Staging could seem like a bad idea for a number of reasons. First, you're duplicating data. Duplication is almost always a bad word when it comes to data, but staged data should not be used for anything besides staging and perhaps reporting. Still, it requires space, which can be a precious thing even when space is so cheap.

Second, staged data must be written to disk and then read from before doing the final transformations. You're effectively doubling your disk I/O. If the amount of data is significant, this could be a lot of reads and writes.

Written in 2010, a product of experience
These are real trade-offs, but there are a number of reasons to stage, some of which did not occur to me before reading Microsoft SQL Server 2008 Integration Services: Problem-Design-Solution, an excellent book on SSIS best practices by MVP's Erik Veerman, Jessica Moss, Brian Knight, and Jay Hackney.

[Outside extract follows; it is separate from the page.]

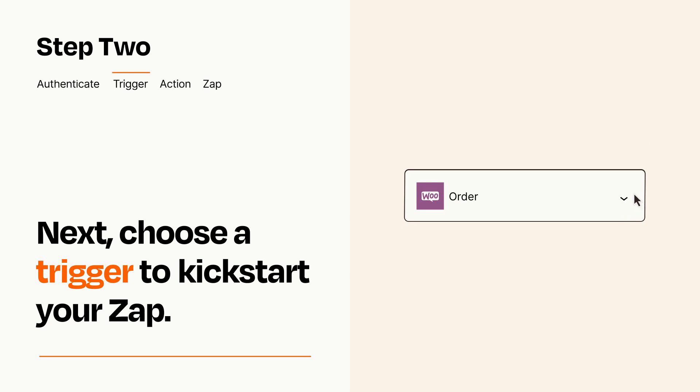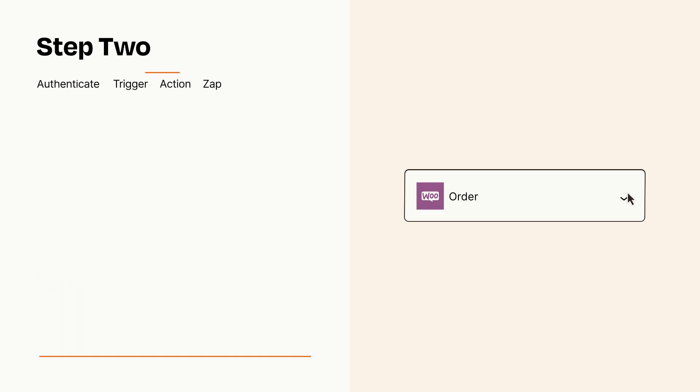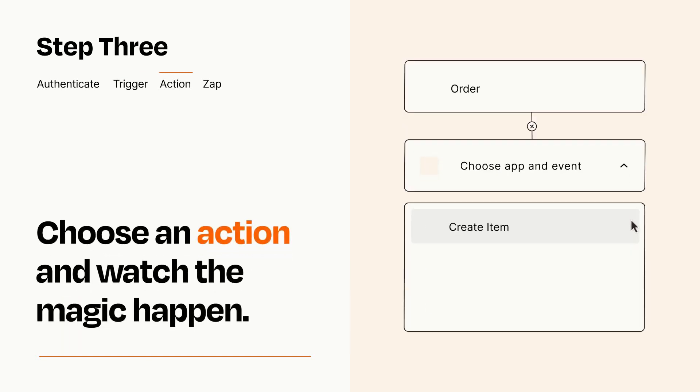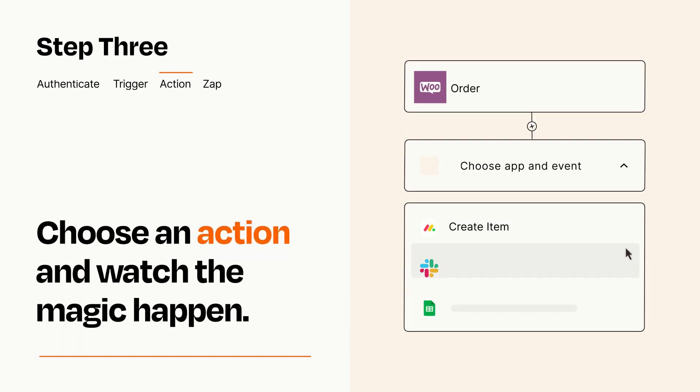This last part is where the magic happens. Choose the action you want to happen in your target app.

  • Data Lineage - When you run into data purity issues in production, the first question your production support team will ask is, "Where did this data come from?" A staging area provides means of tracking the import of data and may allow you to run subsequent transformations in a temporary transaction so that you can identify duplicates, null values, or other data purity issues. You will need to keep data around for enough time for such problems to be identified and addressed.

  • Restartability - Jobs fail. The last thing you want to have happen at 3 AM during a conversion process is a job failure (yes, this has happened to me). A staging area should help you restart the job halfway through, after the necessary corrections have been made. This assumes you run your transformations in a transaction, which you are doing, right?

  • Source Alternative - A staging area can act as a reporting environment when your source system is highly transactional or under significant strain. Just make sure you're not doing any writes to stage.

  • Archive - Stage can also be an archive system, which may be useful if your destination system becomes corrupt and needs to be rebuilt. For instance, a data warehouse updated by incremental loads could be rebuilt by running through all transactions. I haven't run across this in practice, though.

  • Performance - Finally, an ETL process might perform best with staged data. Though SSIS can buffer data flows, databases can often sort and aggregate data faster and with less resource load.

As always, there are no universal solutions to data architecture. Don't stage data just for the sake of staging data. You'll have to weigh the pro's and con's according to your business, technology, QA, and production support needs.